Exercise brief => Omit the pictures and reproduce the rest of the listing exactly.

::::

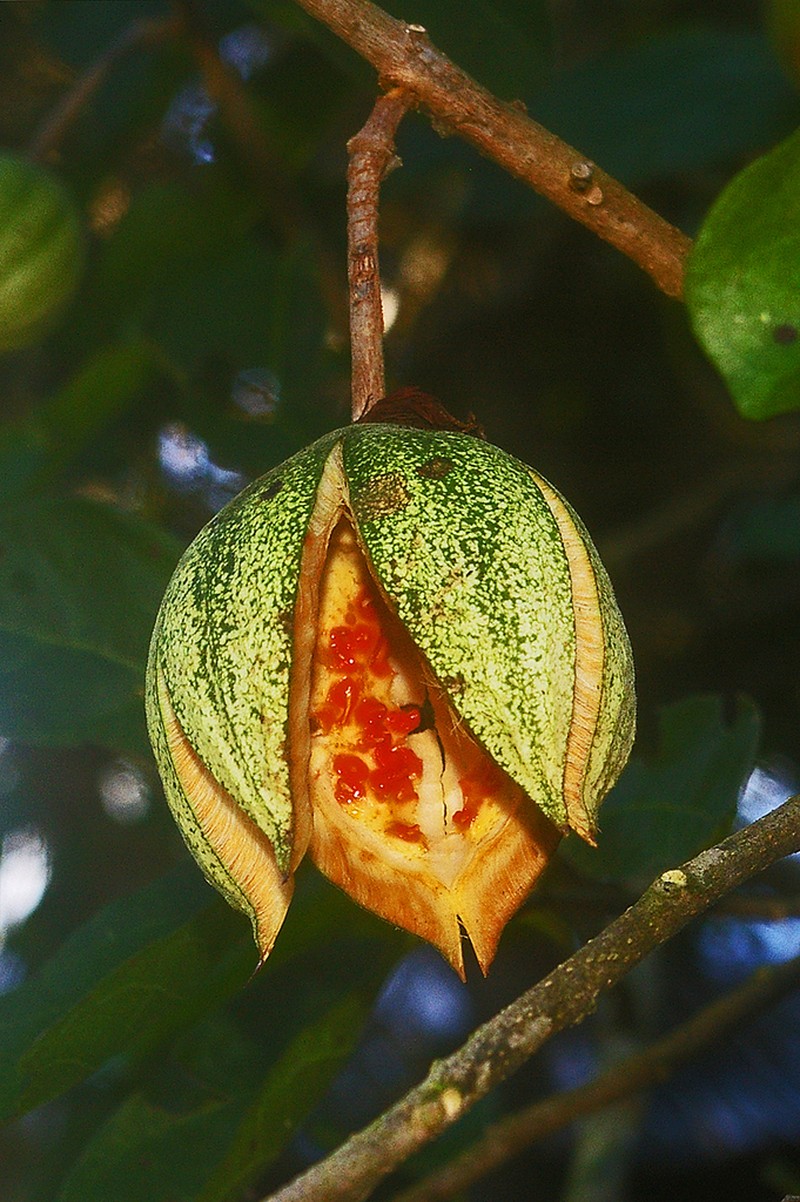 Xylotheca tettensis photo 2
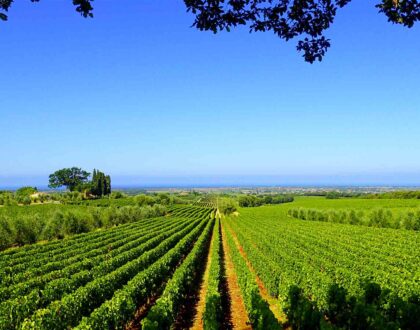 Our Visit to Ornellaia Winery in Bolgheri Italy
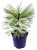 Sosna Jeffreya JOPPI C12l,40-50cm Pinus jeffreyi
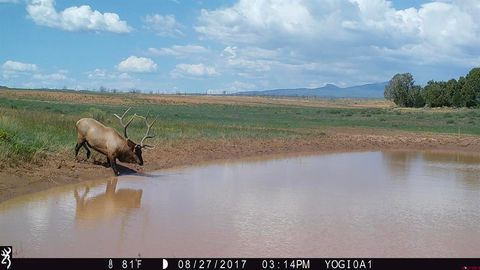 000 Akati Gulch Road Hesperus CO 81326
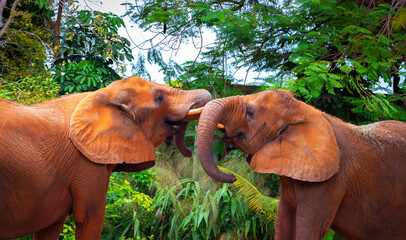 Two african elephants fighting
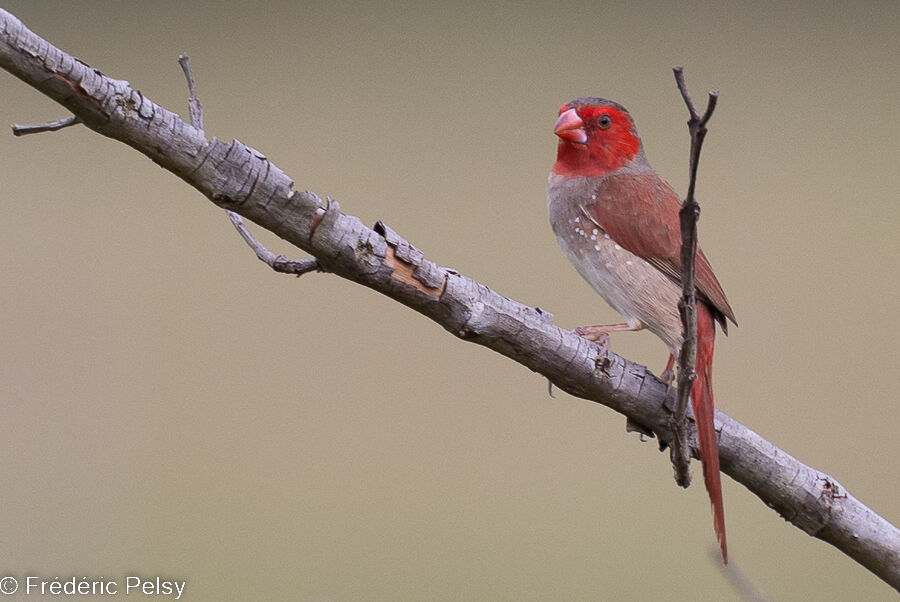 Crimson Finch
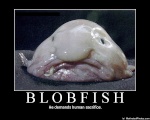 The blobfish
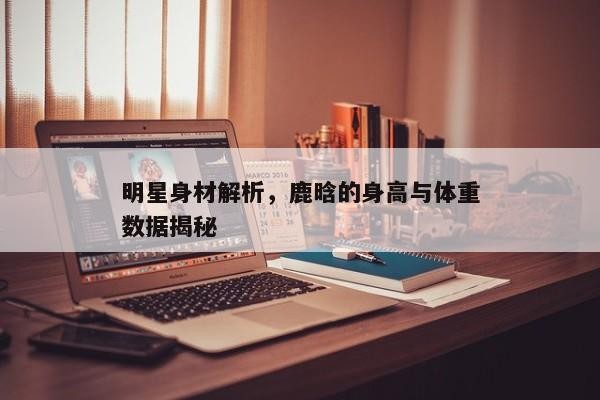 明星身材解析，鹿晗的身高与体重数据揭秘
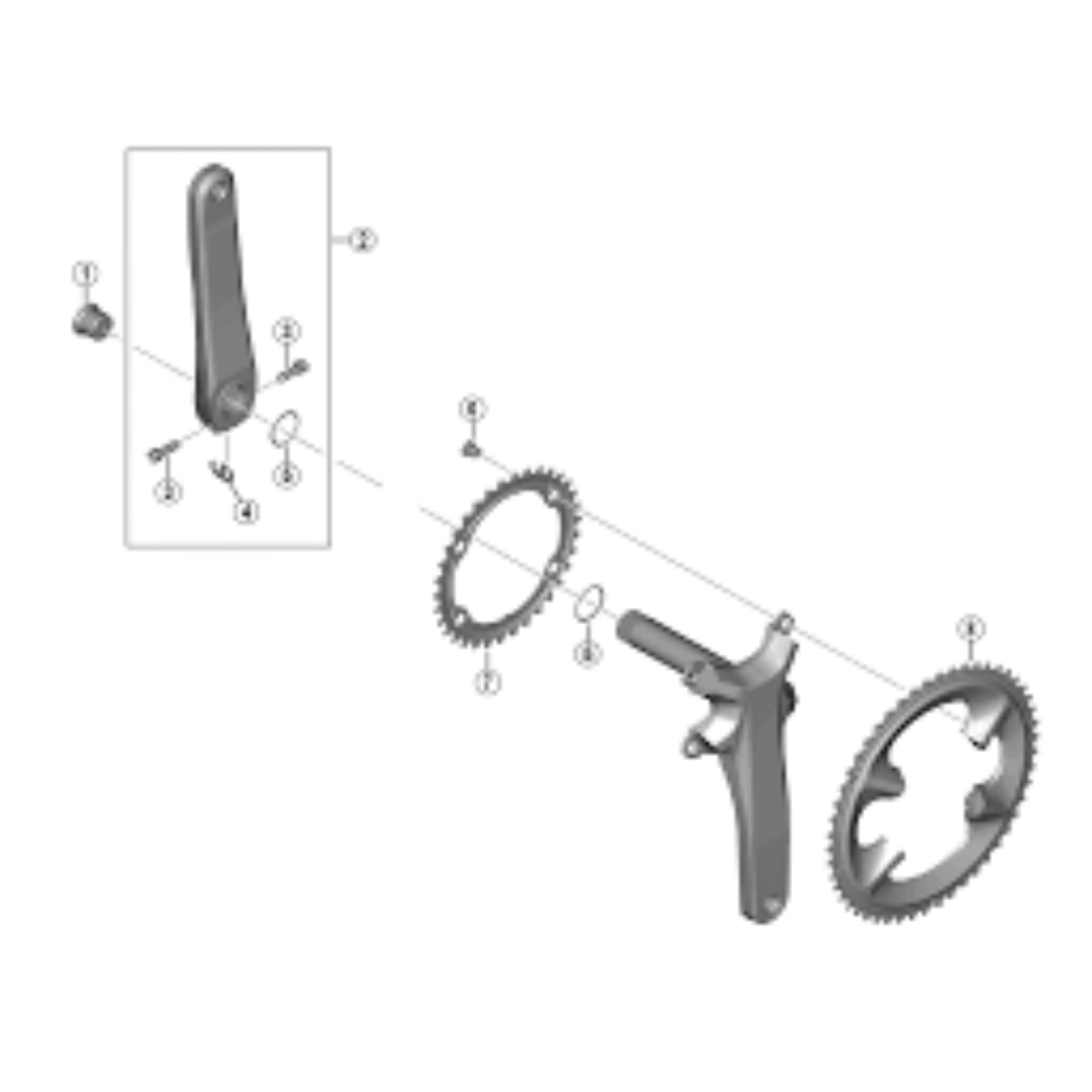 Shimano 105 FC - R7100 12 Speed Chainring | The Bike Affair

::::

Task answer =>
 Xylotheca tettensis photo 2
 Our Visit to Ornellaia Winery in Bolgheri Italy
 Sosna Jeffreya JOPPI C12l,40-50cm Pinus jeffreyi
 000 Akati Gulch Road Hesperus CO 81326
 Two african elephants fighting
 Crimson Finch
 The blobfish
 明星身材解析，鹿晗的身高与体重数据揭秘
 Shimano 105 FC - R7100 12 Speed Chainring | The Bike Affair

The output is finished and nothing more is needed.